Please I need your opinion.
My younger brother is AS and the lady he wants to marry is also AS. It’s been generating a lot of controversy and he wants my advice. Please can AS marry AS? Are there any medical interventions to prevent the birth of an SS baby?
Wow. This is a really tough one and I know my answer will generate even more controversy. For one thing, I am also genotype SS so I am sure people will anticipate that my response would be to tell you to dissuade him. Well, it is not.
Had you asked me this question seven or eight years ago, my response would have been unequivocal. That you discourage him and do what you can to make sure they do not marry. Life has since changed my outlook.
Marriage has never been a one plus one equals two business. There is a lot about the joining of two people in holy matrimony that goes way beyond what the eyes can see. It rarely has anything to do with looks, character, wealth, reputation family etc. when two people form a genuine love bond.
Additionally, the odd thing about the genotype situation is that there is nothing to suggest that when two people who carry only one S gene have a child together s/he will definitely be SS. What do I mean? Well, two AS people could wind up will all AA children (good), all AS children (good), a combination of AA and AS children (good), a combination of AA, AS, SS (fair), AA and SS (fair), AS and SS (fair) or all SS (bad).

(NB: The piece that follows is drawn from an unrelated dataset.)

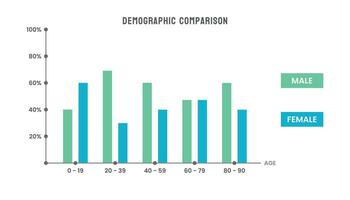 demografisk befolkning jämförelse bar Diagram vektor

As you can see from the above, the higher the number of children the couple choose to have, the higher the chances of having genotype SS kids though they are born in no particular order (i.e. there is no guarantee which genotype will come first, last or middle. Save for special tests, you have no way of knowing).
Additionally, there are people who are genotype SS and just never fall sick! My father’s sister found out she was genotype SS well into her 60s by which time she had lived her life to the fullest, been through two marriages, had 8 sons, and was an active farmer. She died in her 70s . I also know of a lady in Jos who only found out she was genotype SS when two of her children died in quick succession (they were born genotype SS) and she and her husband took the test and realised that she was SS and he, AS.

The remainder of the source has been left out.